減額要求と無銭飲食

減額要求の新たな問題点

 最近過払い金に対して減額を要求する金融業者が増えている。しかしここで問題になるのは「将来過払い金を100%返す気もないのに、毎月返済を受けていること」の違法性である。
 以下の考えは私の試論である。意見があればお聞かせいただきたい。

札幌高裁判決

 平成19年4月26日付札幌高裁判決は、「利息制限法所定の利率によると借主の債務が完済となっているにもかかわらず、存在するとの虚偽の事実を主張し、期限の利益喪失条項を用いて支払を強制するのは、架空請求であり、不法行為が成立する。」とした。しかし上記のような減額要求業者はこれより性質が悪い。

無銭飲食と減額要求業者

 500円しか持ち合わせのない人が、すし屋に入って3000円の特上にぎりを頼んだら、どうなるか。いわゆる無銭飲食であり、詐欺の現行犯として、即刻警察に逮捕される。それでは、返済する意思も、返済能力もなく、最初から踏み倒すつもりでお金を借りたらどうか。当然詐欺になる。
 となると、1割、2割しか過払金を返済できない貸金業者が、完済した債務と分かって、返済を受け続けるのは、札幌高裁の事案にくらべより違法性が高いといえよう。払えないと分かっていて、金を借りているのと同じで、詐欺行為と言っても良いのではないか。
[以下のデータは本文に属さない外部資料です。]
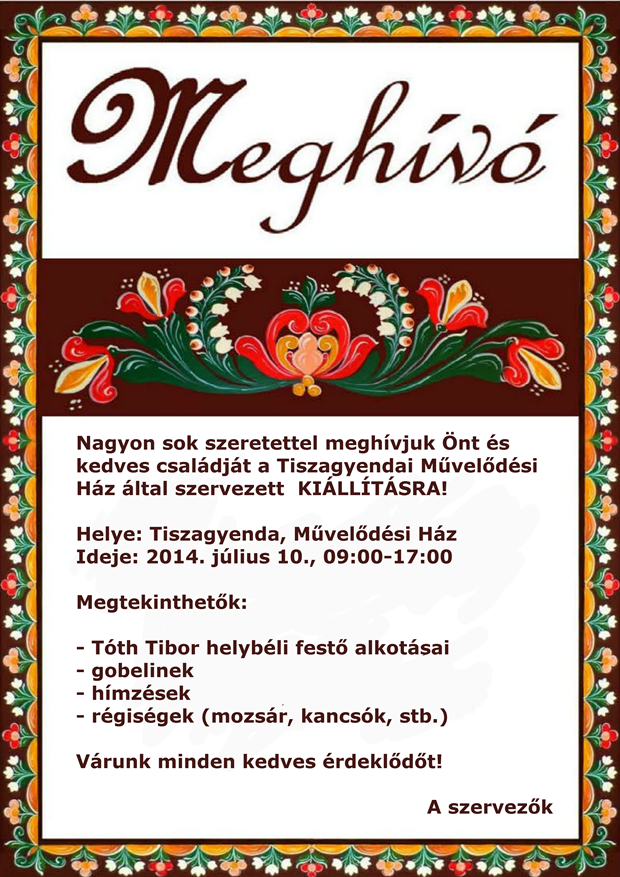 Kiállítás meghívója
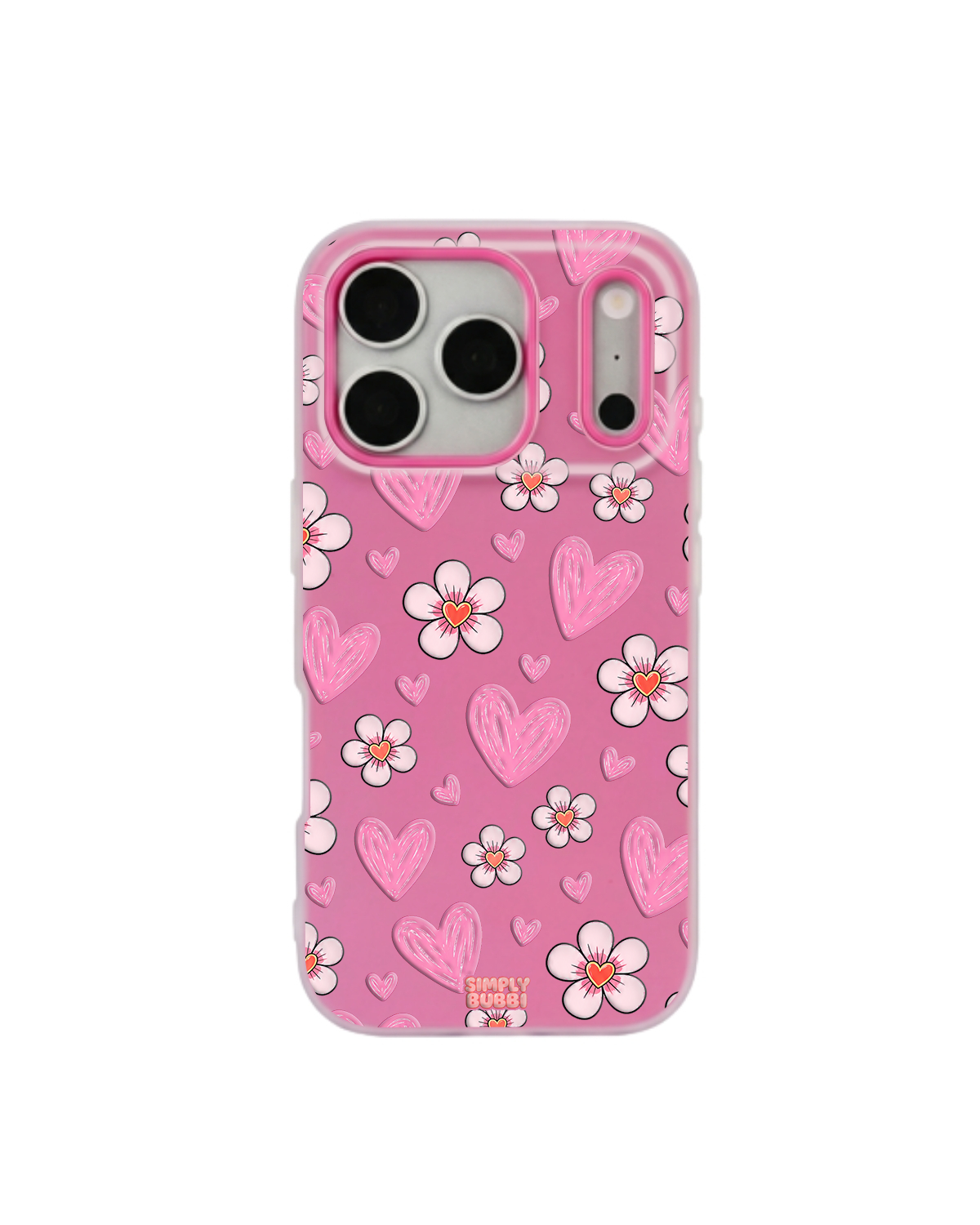 Pink Heart Daisy Repeat Pop iPhone Case – Hot Pink color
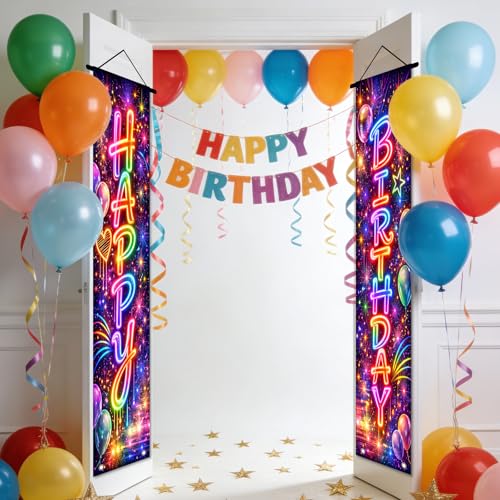 Nuxovilar Music Note Happy Birthday Porch Banner 71x12 Inches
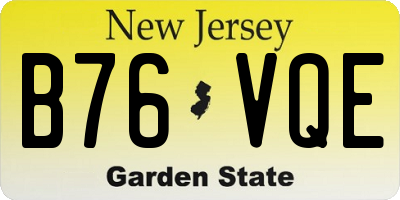 NJ license plate B76VQE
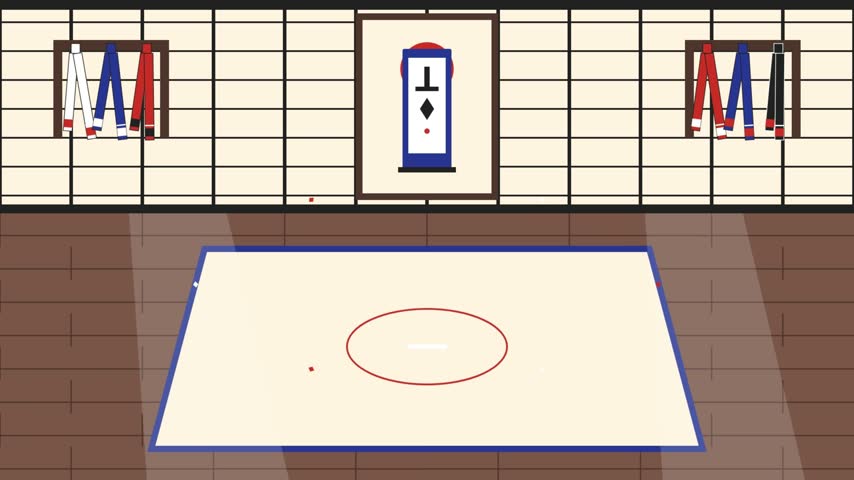 A karate-themed motion graphics video featuring a karate training area.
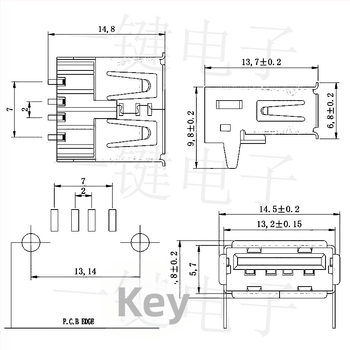 Σύνδεσμος USB 2.0 Type-A SMT, γωνία 90°, οριζόντιες και ευθείες επαφές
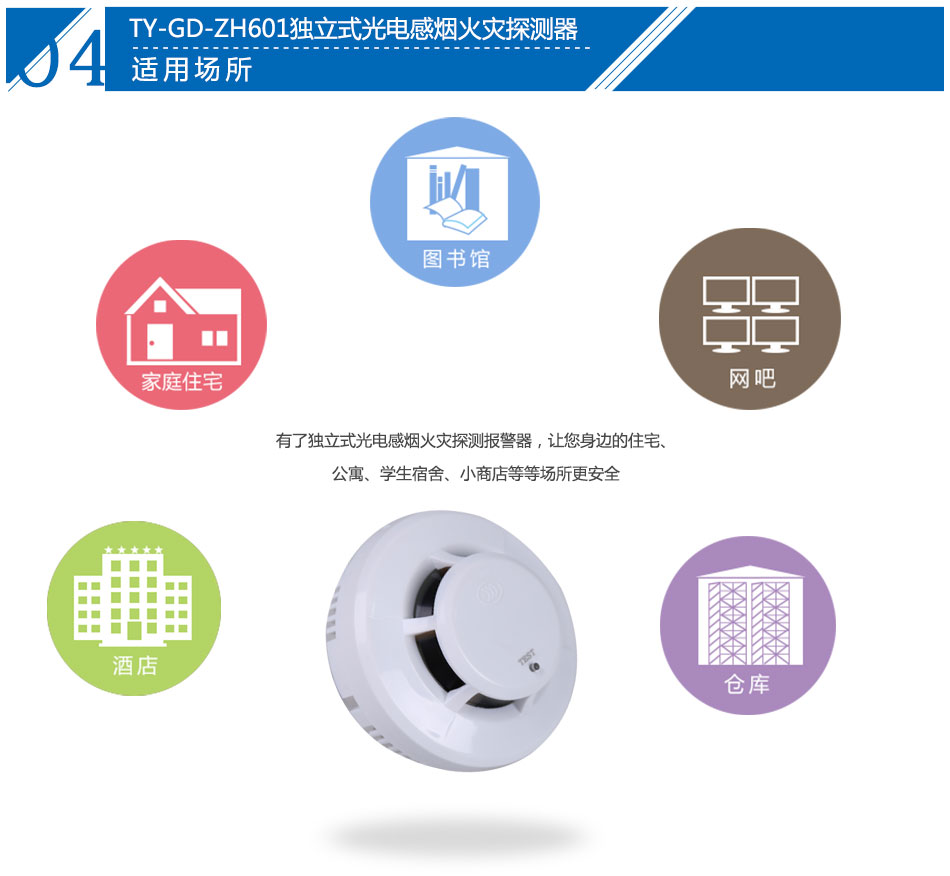 JTY-GD-ZH601獨(dú)立式光電感煙火災(zāi)探測(cè)報(bào)警器產(chǎn)品應(yīng)用場(chǎng)所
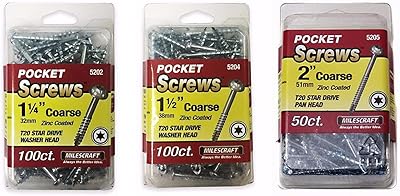 Lot of Milescraft pocket hole screws - includes 100 pieces of 1.5 ", 100 pieces of 1.5" and 50 pieces of 2.5 "in total 250 CT T20 Star - Round head screws.. DIAYTAR Nigeria is your reliable online shopping destination offering an extensive range of products across all categories. Enjoy fast nationwide delivery in just 5 to 8 days and some of the lowest prices in the market.
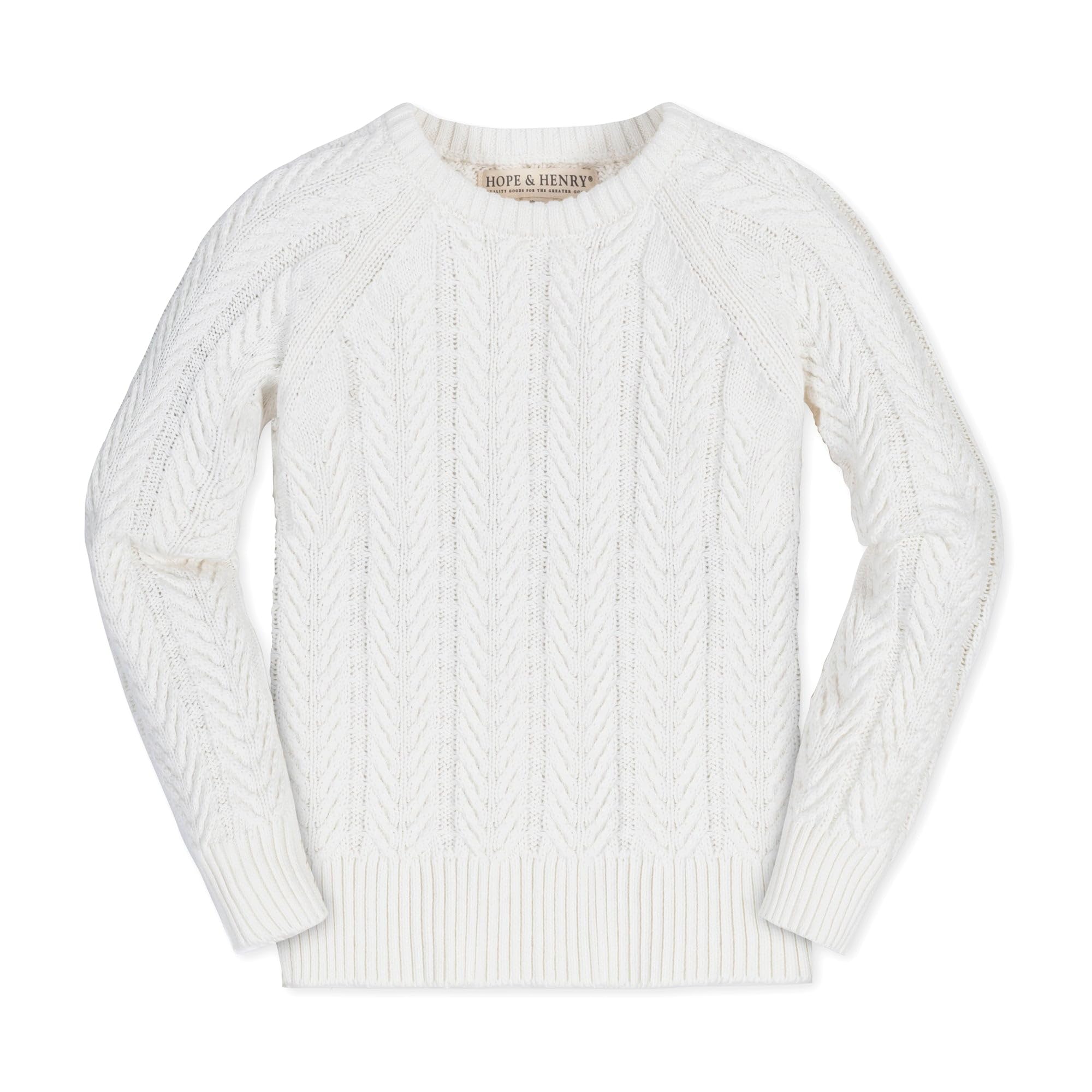 Hope &amp; Henry Girls Cable Front Pullover Sweater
詐欺罪の法定刑は10年以下の懲役だが、詐欺行為を集団的に行うとすれば組織犯罪法で1年以上の有期懲役に刑が加重される。

考えられる反論、そしてそれに対する再反論

 こういう主張をすれば、おそらく業者は過払いになっているとは思わなかった、と主張するだろう。
 しかし未必的故意という概念がある。たとえば、ある人が他人に毒入りのコーヒーを飲ませ、相手が死亡したとする。この犯人が「この程度の量の毒なら死ぬだろう」と思っていれば、殺人の確定的な故意があるので殺人罪になる。しかし「この程度の量の毒では死なないだろう」と思っていたのであれば、傷害の故意はあったが殺人の故意はなかったといえ、傷害致死になるにすぎない。それでは「この程度の量の毒でも死ぬかも知れないし、死なないかも知れない。でも死んだら死んだで構わない」と考えていたとしたら、どうか。刑法学上、これを「未必の故意」と呼び、かかる故意ありとすれば殺人罪になる。
 「この借主は過払いになっているかもしれないし、なっていないかもしれない。仮に過払いになっていたとしても構わない。」となれば未必的故意があるのではないか。
 仮に未必的故意がかなったとしても、重大な過失があるとはいえまいか。そうなれば不法行為が成立する。

取締役自身の不法行為責任

 会社法第429条1項は「役員等がその職務を行うについて悪意又は重大な過失があったときは、当該役員等は、これによって第三者に生じた損害を賠償する責任を負う。」とあり、役員についても、損害賠償責任を生じる余地があると言って良い。